On your marks, get set, GO!
October 24, 2018Like any ex, regex evokes emotion. Some good some bad, but always both... Lot's of jokes and puns in here, but the truth is, we will inevitably have to learn how to use Regular Expressions. So buckle up, sit up straight and learn it!
On Your Marks
The forward slashes /
simply define the beginning and ending of your regular expression like your curly brackets in programming {}
or your quotes in a string "blah blah blah."
In JavaScript, the slashes allow you to put the RegEx directly into other JavaScript intrinsic functions like the replace
or search
functions.
A RegEx will work on 1 character at a time. If you want it to work for every character (of course you always do!), then add a g
at the end for 'global.' ۞
//javascript RegEx example of replacing all the 1s with 2s
var s1 = 's1111111';
var rx = /1/g;
s2 = s1.replace(rx, '2');
alert(s2);
Get Set
The square brackets []
say match any of the patterns identified inside of me - unless there is a hat symbol ^
inside of the brackets which is a NOT symbol meaning don't match me.
This is somewhat confusing because the hat symbol ^
also means start of line when it is outside the brackets like /^[0-9]/
- Dumb - I know. ۞
Ranges The dash -
denotes a range but if you aren't careful, it will just mean a '-' character.
Ranges work for any ascii table ranges like numbers, letters and other type-able characters. For example, the regex /[a-zA-Z]/
says you are testing for any upper or lower case letters. If you want to match special characters like cartoon cussing: !@#$%, then you can use them specifically, but you will probably have to either escape them or use them in an range like this:
/[ -~]/
Let's break that down.
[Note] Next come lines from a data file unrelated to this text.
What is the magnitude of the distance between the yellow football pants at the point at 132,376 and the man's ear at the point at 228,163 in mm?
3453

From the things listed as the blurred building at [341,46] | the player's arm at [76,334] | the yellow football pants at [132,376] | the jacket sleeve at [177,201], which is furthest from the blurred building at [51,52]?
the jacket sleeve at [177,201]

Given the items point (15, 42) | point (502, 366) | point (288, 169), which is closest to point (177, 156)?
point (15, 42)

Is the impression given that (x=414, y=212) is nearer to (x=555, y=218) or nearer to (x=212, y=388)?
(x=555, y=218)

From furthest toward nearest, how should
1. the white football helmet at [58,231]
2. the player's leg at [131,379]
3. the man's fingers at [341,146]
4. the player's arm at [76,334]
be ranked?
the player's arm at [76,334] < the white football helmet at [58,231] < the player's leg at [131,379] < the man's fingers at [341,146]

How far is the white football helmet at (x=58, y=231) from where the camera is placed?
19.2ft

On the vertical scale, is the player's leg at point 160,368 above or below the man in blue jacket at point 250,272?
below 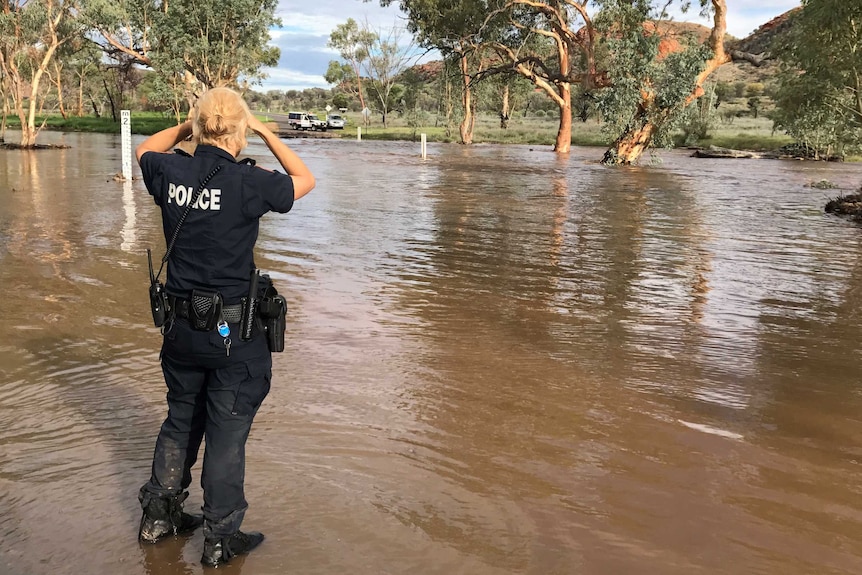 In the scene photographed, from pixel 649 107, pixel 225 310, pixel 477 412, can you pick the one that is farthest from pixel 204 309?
pixel 649 107

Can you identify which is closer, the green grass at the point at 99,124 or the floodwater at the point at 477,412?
the floodwater at the point at 477,412

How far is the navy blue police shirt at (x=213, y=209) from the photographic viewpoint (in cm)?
306

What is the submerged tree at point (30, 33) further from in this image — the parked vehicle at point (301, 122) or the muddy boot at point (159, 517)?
the muddy boot at point (159, 517)

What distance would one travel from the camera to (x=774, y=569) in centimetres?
327

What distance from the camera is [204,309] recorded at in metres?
3.07

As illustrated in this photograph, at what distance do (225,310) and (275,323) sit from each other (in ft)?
0.69

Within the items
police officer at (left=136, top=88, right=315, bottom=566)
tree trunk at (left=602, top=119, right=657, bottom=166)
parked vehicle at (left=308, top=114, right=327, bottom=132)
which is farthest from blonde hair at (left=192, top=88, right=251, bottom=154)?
parked vehicle at (left=308, top=114, right=327, bottom=132)

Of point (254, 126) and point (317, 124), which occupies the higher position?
point (317, 124)

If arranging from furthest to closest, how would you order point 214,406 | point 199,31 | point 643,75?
point 199,31 < point 643,75 < point 214,406

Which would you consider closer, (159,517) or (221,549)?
(221,549)

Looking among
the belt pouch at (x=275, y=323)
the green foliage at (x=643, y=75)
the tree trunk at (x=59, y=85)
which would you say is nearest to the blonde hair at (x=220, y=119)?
the belt pouch at (x=275, y=323)

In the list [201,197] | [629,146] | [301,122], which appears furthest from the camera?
[301,122]

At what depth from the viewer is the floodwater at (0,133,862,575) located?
11.2ft

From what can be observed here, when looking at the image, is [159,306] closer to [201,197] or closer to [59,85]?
[201,197] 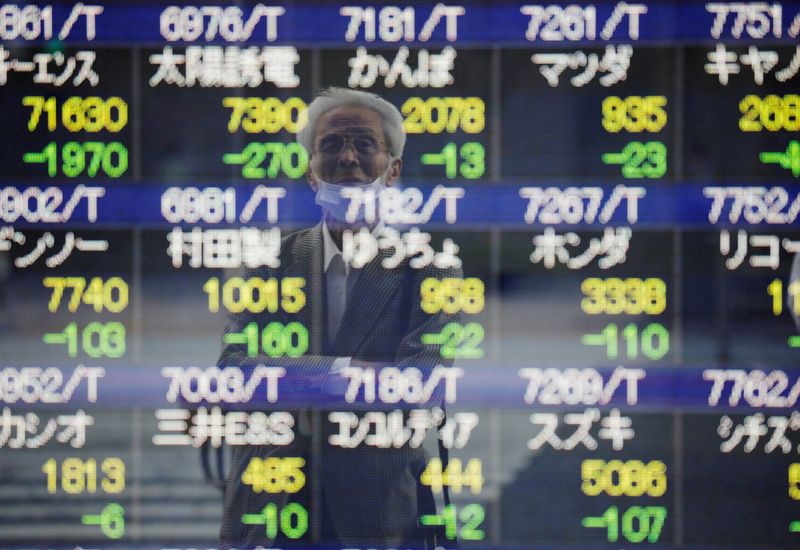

The slashes and the brackets are just the containers and the -~
is a range between space ' ' and tilde ~ which includes every printable character.
//javascript RegEx example of finding any number within a string
var s = 'The quick brown fox jumped over 1 lazy dog.';
var rx = /[0-9]/g;
alert(s.search(rx));
//javascript RegEx example of finding anything but a letter
rx = /[^a-zA-Z]/g;
alert(s.search(rx));
GO!
Your head is about to start spinning, so before I lose you, I'm going to make sure you are screwed up real good with a couple of quick reference hammers to the head.
Symbol | Meaning |
---|---|
\ | escape character |
+ | and operator |
{3,16} | from 3 to 16 times |
< | nothing - just the actual character (good for parsing HTML) |
> | nothing - just the actual character (good for parsing HTML) |
Groups (words, phrases, abbreviations, etc.)
They call stuff in parentheses ( )
"capturing groups." Unfortunately, this is totally confusing. Parentheses are simply your "this or that or that" lists.
The difference between brackets [ ] and parentheses ( ) is that the brackets are just looking at 1 character at a time and the parentheses are looking for each 'group' of characters. Each group of characters need to be separated by a pipe |
which in regex means or
Check out the following example and don't lose your momentum, you're almost there
//javascript RegEx example of looking for several words within a string but failing
var s = 'The quick brown fox jumped over 1 orange dog.';
var rx = /(red|green|blue )/g;
var f = (s.search(rx) > 0) ? 'true' : 'false';
alert(f);
//javascript RegEx example of looking for several words within a string and succeeding
rx = /(red|brown|blue )/g;
f = (s.search(rx) > 0) ? 'true' : 'false';
alert(f);
Bonus Round
If you were lost on this line:
var f = (s.search(rx) > 0) ? 'true' : 'false';
Please read my Ternary is NOT Explanatory blog. Super short but super helpful.
Also, there really is a reason to call (red|green|blue )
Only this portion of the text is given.